I am reminded of Jung's words: "We are awakening a little to the feeling that something is wrong in the world, that our modern prejudice of overestimating the importance of the intellect and the conscious mind might be false. We want simplicity. We are suffering, in our cities, from a need of simple things…." (in Americans Must Say 'No' in McGuire, William, and Hull, R.F.C., eds., C.G. Jung Speaking (Princeton: University Press, 1977))
The topic of technology and the fast pace at which the world is moving came up in a group discussion recently and someone suggested it's not that technology is evil, but that we get caught up in it, and culturally, we tend to abandon ourselves and the sacred in order to maintain the pace (or be inundated by it) full-time. Jung said the loss of connection to our instincts and to nature has been devastating to us.
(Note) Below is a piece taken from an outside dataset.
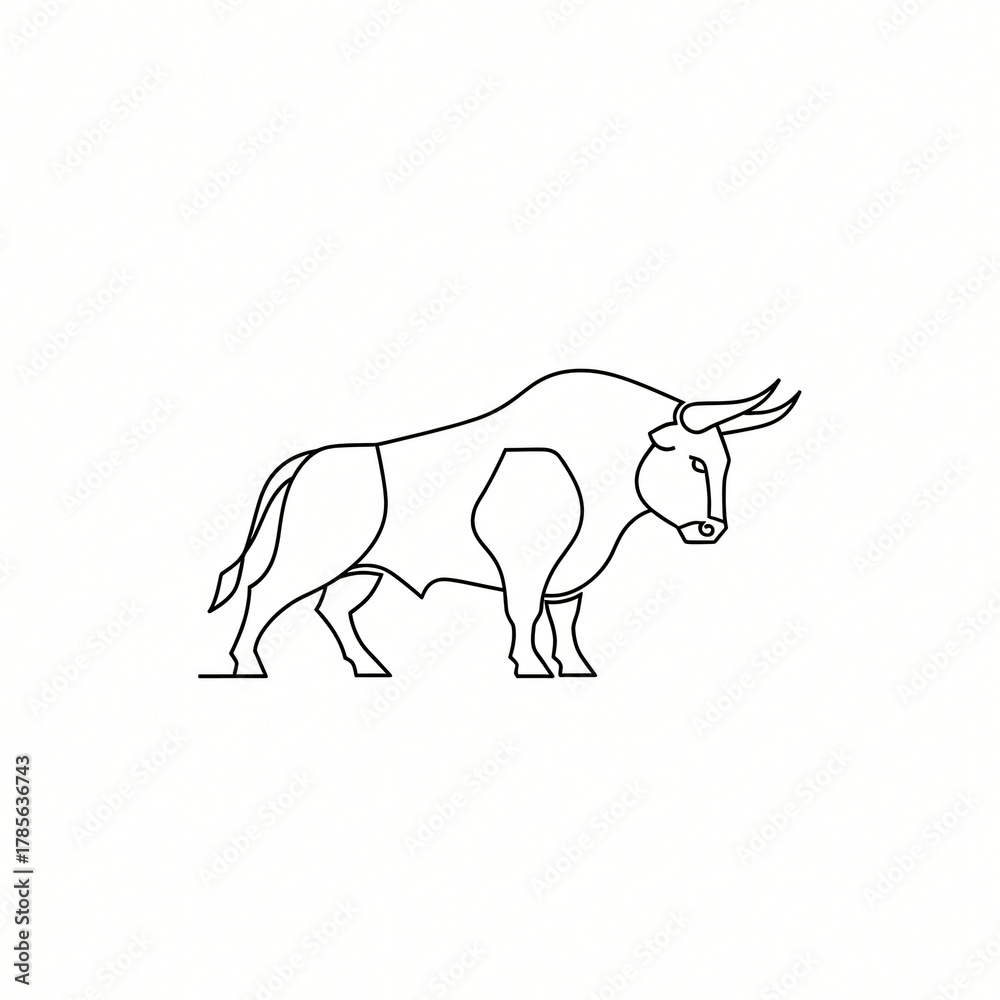 Fototapeta premium Minimalist black outline of a powerful bull standing stoically against a white background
Perhaps now is the time to take a few moments and step outside, or look at the sky, or light a candle in ritual, or just take a long deep breath and appreciate something bigger and more simple....
How do you feel about the pace of the world we live in today?
Replies
I have also experienced a situation similar to Laura's (I am sorry, too - it is heartbreaking). I wonder now if what we as a culture are losing is the authentic feeling and expression of our emotions, partly due to the screentime seduction sucking up our time and capacities, as well as the the actual screen as the interface between people.
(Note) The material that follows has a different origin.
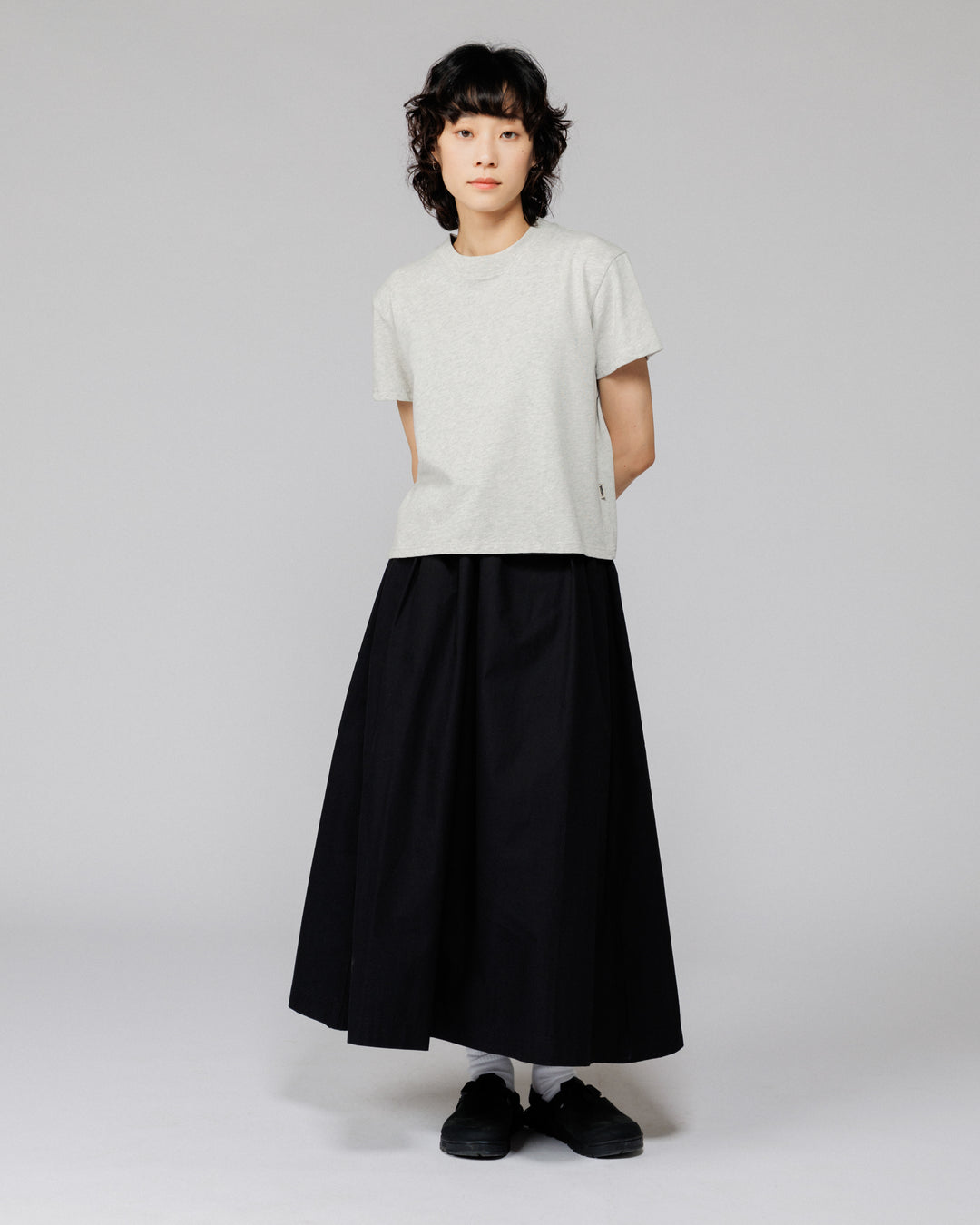 Mid-Weight Cropped Organic T-Shirt - Grey Marl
Moreover, if emotions are pathways of opening to archetypal energies, as rooted in our instincts (an unwavering compass in our body) then what will become of us if we cut off those pathways and the archetypal energies are really shut off from our conscious experience and expression of them in the world?
A few weeks ago I was attempting to connect with him in a rather heated moment via email and was very frustrated. He emailed back: "I'm not shutting you out. I've got three computers running and you keep talking to the one I am not in front of."
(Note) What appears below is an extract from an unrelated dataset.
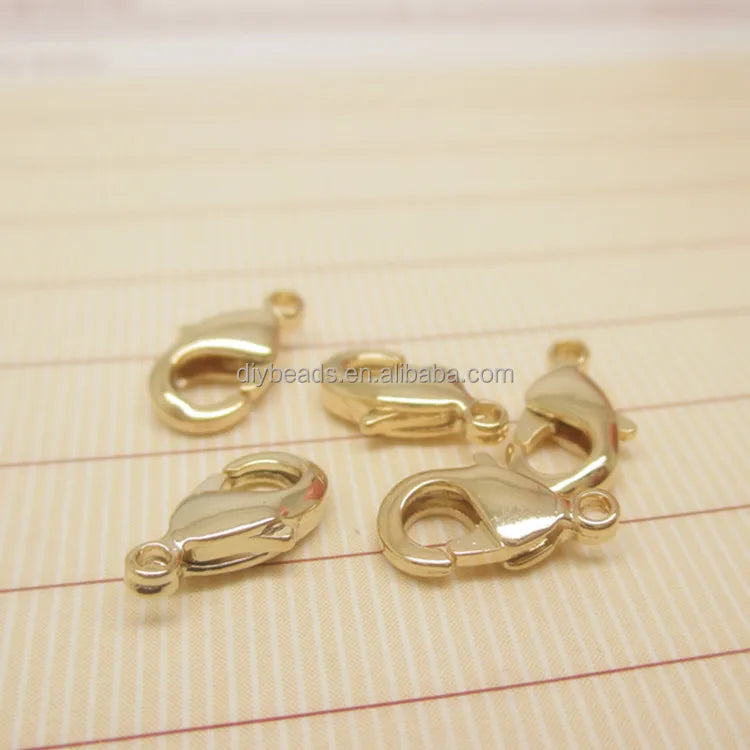 Wholesale 24K Triple Gold Plated Lobster Clasp Connector Clasp for Making Leather Bracelet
I told him that was better than a dream image and that there was nothing I could say that would portray the dynamic any better. I think some people are just "wired" to prefer virtual stimulation on demand to interpersonal intimacy and deep connections. Sad, but alas.
Jung says it is our ethical obligation not simply to notice and wonder about images that come to us, but to truly seek their meaning (in MDR, p. 193). Hillman says we sin against the imagination when we simply ask the image to reveal its meaning to us in the form of a (flat or simple) concept (in Re-visioning Psychology, p. 39). Instead we have to engage with it, visit it where it resides, dialogue with it and let the meaning emerge.
How do we stop long enough to see that the image has it's own vitality and that it lives in us in an alive way as well? Do so many flickers make our brain skip over and move on too quickly?
Maybe that is the real impact of technology - as you brought up the pace of the world we live in, it crowds out the space and time needed for a 'religious' or imaginal attitude.
I like Jung's definition of the essence of religion - religiere, the "careful consideration"
of the archetypes. On the Nature of the Psyche, par. 426.